The Inland Empire’s purchasing managers index last month was 51.3, according to data released Monday by the Institute of Applied Research and Policy Analysis at Cal State San Bernardino.

Although not spectacular, that number was still a cause for relief and maybe a mild celebration at the institute, which publishes a report on manufacturing in Riverside and San Bernardino counties on the first working day of every month.

Not only did it top 50, the dividing line for whether manufacturing is expanding or contracting, but it overwhelmed the 42.1 index that was recorded in December, an abysmal number that caught most observers by surprise and was the lowest index recorded since 2009.

“We were happy to see it,” said Barbara Sirotnik, director of the institute and a co-author of the report. “There is undoubtedly some seasonality at work, and it could have been that the December number was so bad that it had to come back up. We’re just glad that it did.”

The index must be above or below 50 for three consecutive months before a trend can established, so the index must stay up for two more months before it can be said the Inland Empire manufacturing sector is growing.

Possibly the best news within the report was the month-over-month increase in new orders – up 18.7 to 58. 1 – and production, which rose 18.8 to 56.7 during that time. That both of those numbers are on the rise and comfortably above 50 indicates manufacturers probably expect consumers to keep buying during the next few months.

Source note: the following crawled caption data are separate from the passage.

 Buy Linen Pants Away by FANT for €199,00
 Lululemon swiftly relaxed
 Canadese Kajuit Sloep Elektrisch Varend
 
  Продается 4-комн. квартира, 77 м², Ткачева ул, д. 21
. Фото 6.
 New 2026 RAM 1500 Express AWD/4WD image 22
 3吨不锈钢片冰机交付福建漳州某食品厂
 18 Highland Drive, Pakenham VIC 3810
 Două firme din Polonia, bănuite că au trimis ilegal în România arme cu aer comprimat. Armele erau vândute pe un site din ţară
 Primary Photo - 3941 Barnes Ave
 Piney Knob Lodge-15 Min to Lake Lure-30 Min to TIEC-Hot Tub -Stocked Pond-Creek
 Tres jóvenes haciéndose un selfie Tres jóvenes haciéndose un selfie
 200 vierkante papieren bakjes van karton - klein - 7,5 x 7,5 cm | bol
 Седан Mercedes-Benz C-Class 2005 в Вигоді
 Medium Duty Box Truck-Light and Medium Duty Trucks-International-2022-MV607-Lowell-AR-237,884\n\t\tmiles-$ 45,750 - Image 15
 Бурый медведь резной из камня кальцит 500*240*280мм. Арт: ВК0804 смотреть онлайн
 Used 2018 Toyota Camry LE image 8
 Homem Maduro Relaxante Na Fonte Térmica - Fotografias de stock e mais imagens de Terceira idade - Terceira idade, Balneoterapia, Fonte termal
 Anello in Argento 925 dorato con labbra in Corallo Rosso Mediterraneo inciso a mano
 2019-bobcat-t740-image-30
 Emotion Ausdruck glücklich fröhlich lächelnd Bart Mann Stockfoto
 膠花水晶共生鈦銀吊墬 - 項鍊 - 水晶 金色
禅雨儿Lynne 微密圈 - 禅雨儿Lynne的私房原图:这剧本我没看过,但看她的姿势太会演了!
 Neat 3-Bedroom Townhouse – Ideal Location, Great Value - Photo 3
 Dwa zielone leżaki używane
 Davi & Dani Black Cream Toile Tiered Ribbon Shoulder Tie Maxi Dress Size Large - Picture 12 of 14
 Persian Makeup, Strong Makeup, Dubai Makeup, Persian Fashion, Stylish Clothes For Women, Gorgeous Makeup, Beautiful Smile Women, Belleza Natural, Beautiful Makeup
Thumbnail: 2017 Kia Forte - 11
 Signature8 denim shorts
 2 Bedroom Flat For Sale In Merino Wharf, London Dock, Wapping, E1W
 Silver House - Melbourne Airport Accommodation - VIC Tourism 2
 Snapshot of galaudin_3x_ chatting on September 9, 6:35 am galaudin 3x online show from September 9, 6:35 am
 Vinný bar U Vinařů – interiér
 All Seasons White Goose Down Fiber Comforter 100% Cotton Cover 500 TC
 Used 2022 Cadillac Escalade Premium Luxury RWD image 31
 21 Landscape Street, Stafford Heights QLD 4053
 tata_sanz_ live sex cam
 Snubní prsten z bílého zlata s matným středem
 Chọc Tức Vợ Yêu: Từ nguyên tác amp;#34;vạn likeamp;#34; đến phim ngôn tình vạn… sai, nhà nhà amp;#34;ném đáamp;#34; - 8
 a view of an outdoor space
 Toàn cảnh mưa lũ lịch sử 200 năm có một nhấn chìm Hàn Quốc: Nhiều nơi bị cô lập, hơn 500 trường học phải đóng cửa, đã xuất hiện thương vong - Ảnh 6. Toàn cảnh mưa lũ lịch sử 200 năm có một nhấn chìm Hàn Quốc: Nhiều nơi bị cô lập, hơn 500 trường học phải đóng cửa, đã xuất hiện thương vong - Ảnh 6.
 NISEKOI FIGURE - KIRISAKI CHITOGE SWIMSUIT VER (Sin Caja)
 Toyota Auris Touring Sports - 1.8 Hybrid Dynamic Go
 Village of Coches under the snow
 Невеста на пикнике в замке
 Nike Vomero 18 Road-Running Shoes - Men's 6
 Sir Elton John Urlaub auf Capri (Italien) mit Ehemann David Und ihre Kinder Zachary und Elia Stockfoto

Still, the manufacturers surveyed expressed little confidence in the direction of the local economy during the next three months. Only 11 percent said they expect the Inland Empire economy to improve during that time, while 48 percent said they expect it to stay the same and 41 percent said they anticipate it getting weaker.

“That was the one thing I thought was disappointing,” Sirotnik said, “With the rest of the report so good, I expected to see more confidence in the economy.”